Unfortunately, it doesn't stop with edge enhancement. Silk Stalkings has a brilliant, deeply saturated palette, and the colors weep into each other. Red and ultramarine are the worst offenders, and they are two of the most popular colors in Silk Stalkings. Pile on periodic bouts with softness, fuzziness, signal breakups, and pulldown errors, and you wind up with a major disappointment.
Sadly, the sound is just as bad, or worse. Volume levels fluctuate widely—which highlights the clipping, frequent dropouts, and harsh sibilants. The grating S sounds had me wincing on a regular basis. In contrast, there were plenty of times that I couldn't make out what was being said at all. Closed captioning or subtitles would have been a big help. Against this generally poor backdrop, the periodic massive sound snafus didn't seem so jarring.
It might be a good thing that the dialogue isn't clear, because it often reeks. Most episodes have a line or two that will just crack you up because of their putrescence. Of course, this cheesiness is one of the draws for Silk Stalkings fans. You grow to love it.
While you're learning to love things, show some patience with the copious overacting. Aside from the series regulars, most of the acting is over the top. The acting isn't all that way, because we're sometimes treated to underacting as a change of pace. High school drama students might produce more convincing emotions than some of the bit actors in Silk Stalkings.
The extras are a series of interviews with the principal actors and Cannell. They are a treat for fans of the show, a chance to hear a stellar producer and three favorite actors reflect on how much fun they had with Silk Stalkings. The problem with the extras is that they reveal spoilers, huge spoilers, mega-gigantoriffic spoilers. The entire series is laid bare, including the destinies of each character, complete with clips from future seasons. Please, if you haven't watched beyond Season One and plan to do so, skip the extras.
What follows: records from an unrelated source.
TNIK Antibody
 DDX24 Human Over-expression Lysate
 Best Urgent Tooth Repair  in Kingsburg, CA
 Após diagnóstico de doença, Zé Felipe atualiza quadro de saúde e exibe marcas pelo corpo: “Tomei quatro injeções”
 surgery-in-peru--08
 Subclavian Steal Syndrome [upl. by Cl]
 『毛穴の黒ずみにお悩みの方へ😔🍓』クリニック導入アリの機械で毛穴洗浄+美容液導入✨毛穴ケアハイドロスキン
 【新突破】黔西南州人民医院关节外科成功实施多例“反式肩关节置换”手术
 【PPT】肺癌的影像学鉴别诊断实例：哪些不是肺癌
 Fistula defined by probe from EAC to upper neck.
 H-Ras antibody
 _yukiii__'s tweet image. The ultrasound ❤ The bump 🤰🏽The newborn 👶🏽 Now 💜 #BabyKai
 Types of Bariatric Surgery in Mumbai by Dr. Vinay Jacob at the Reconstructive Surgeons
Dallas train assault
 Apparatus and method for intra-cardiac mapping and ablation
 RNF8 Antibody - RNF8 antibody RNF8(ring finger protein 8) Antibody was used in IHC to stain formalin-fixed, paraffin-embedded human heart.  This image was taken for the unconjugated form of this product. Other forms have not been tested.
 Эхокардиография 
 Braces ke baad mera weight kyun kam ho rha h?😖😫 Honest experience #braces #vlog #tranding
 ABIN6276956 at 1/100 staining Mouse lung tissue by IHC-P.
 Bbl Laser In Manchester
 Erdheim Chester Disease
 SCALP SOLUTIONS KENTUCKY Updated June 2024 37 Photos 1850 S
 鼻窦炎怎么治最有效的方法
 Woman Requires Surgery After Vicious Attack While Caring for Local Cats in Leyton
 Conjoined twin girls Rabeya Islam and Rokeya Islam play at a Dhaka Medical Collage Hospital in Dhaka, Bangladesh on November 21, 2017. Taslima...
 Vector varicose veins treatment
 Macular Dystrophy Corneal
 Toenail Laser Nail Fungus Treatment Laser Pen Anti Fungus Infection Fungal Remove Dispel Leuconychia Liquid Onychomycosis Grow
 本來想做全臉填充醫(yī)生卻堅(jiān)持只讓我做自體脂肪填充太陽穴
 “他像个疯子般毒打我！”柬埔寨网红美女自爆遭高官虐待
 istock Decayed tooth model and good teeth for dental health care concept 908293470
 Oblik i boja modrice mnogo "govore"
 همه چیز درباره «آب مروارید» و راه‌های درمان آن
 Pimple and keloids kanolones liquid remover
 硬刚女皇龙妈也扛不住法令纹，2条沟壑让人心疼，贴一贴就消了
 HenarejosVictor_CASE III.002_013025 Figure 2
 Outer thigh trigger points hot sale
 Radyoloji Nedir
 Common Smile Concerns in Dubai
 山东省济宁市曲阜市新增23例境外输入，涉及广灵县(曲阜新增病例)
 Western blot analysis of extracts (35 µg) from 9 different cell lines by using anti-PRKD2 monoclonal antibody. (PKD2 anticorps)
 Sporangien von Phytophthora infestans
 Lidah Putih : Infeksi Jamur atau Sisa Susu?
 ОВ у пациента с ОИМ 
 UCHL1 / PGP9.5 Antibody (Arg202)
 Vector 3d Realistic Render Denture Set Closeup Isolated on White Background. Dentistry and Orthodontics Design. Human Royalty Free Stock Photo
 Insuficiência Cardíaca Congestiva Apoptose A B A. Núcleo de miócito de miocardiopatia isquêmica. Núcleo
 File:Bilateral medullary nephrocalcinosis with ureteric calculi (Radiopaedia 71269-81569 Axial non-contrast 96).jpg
I'm not a huge fan of menus that repeat the theme song ad nauseam. Nor do I enjoy having to fast-forward through the show's theme 22 times. Chapter stops are your friends, particularly those that zip us past the common footage.
Coincidentally, both actors and footage are often recycled in this series.
Silk Stalkings wears its inherent badness on its chest, like a medal of honor. If you watch this show expecting decent cop action and suspenseful plots, you are barking up the wrong tree. Silk Stalkings is instead an opportunity to indulge your naughty side and ride shotgun in a beautiful relationship between two hot partners. It is a sensual treat, especially when shared with your own partner in crime.
The poor audiovisuals mar the experience somewhat, which frustrates the trip down memory lane. Nonetheless, Silk Stalkings is finally here on DVD, which is a treat in itself. This show is a poster child for why we love bad television; it makes us giddy inside, that's why. Bring on more Lance and Lorenzo!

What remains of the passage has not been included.